Ryan Singh, Jiri Herza, James Thorp, Michael Ashley
Performance-based risk-informed decision making is an underlying principle of the Global Industry
Standard on Tailings Management (GISTM). While owners make significant efforts to align with this
principle, commonly used risk assessment and management practices in the mining industry have largely been based on the HSE principles, which consider more frequent, lower consequence incidents.
As a result, the existing risk assessment frameworks do not provide the owners with a comprehensive understanding of the risk profiles of their tailings storage facilities (TSFs). Without the understanding of a facility’s risk profile, the owners cannot appreciate how changes to their facility, processes and operational activities may impact the risk profile.
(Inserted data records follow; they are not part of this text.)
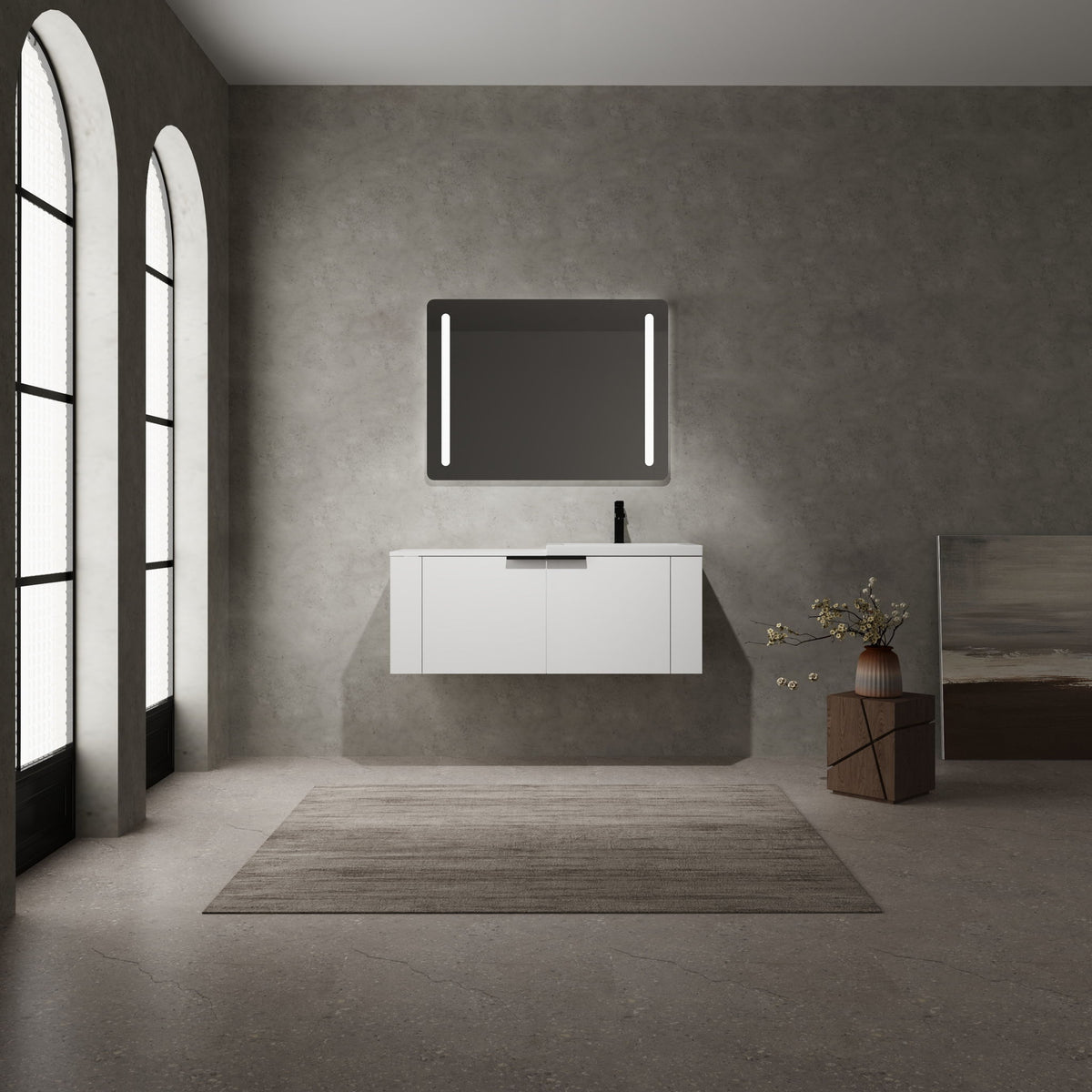 Modern Bathroom Vanity Sink Combo With Spacious Storage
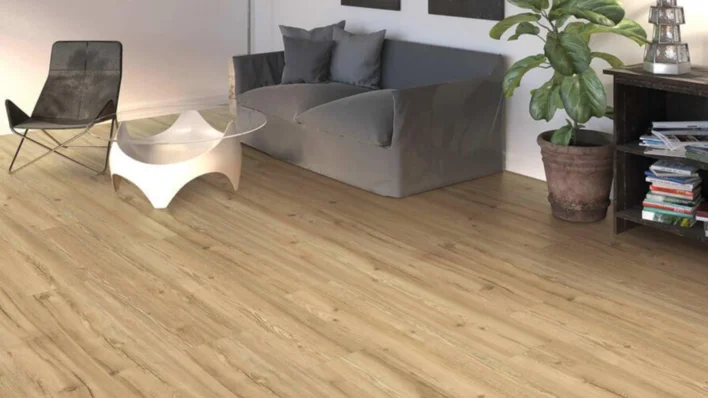 DISANO Plankgolv LifeAqua, Björklärk puro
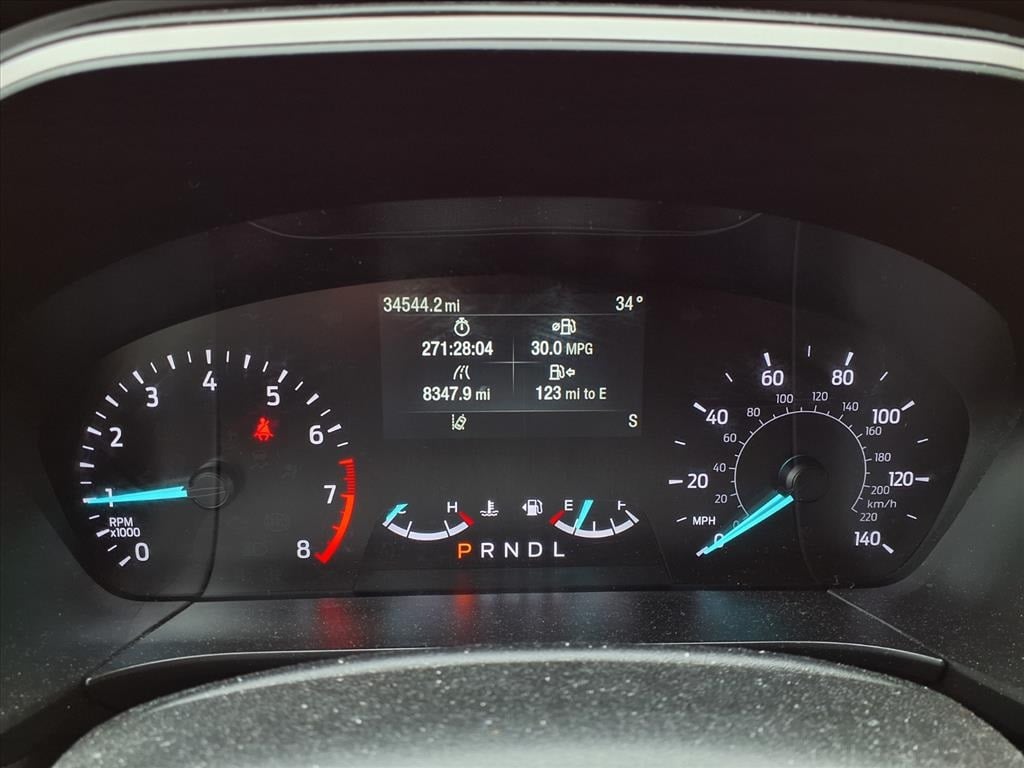 Used 2020 Ford Escape SE with VIN 1FMCU0G61LUC48567 for sale in Bellevue, OH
A large step-change in thinking is therefore required in risk assessment practices for the owner to align their TSF management with GISTM requirements.
Beyond risk assessments, the mining industry has other valuable concepts to manage the safety of their tailings management practices, such as Critical Controls, however, commonly used risk assessment and management practices do not incorporate these concepts.
This paper explores commonly used risk assessment practices and the concepts of Critical Controls. It proposes how these concepts can be linked, with Critical Controls being embedded in the risk assessment process. The outcomes of linking these concepts result in an estimation of the effectiveness of the Critical Controls and how they can be improved to demonstrably reduce the risk presented by a TSF. A case study has been included to demonstrate the benefits of linking risk assessment with Critical Controls and how owners can readily identify deficiencies and efficiently manage the risk profiles of their facilities.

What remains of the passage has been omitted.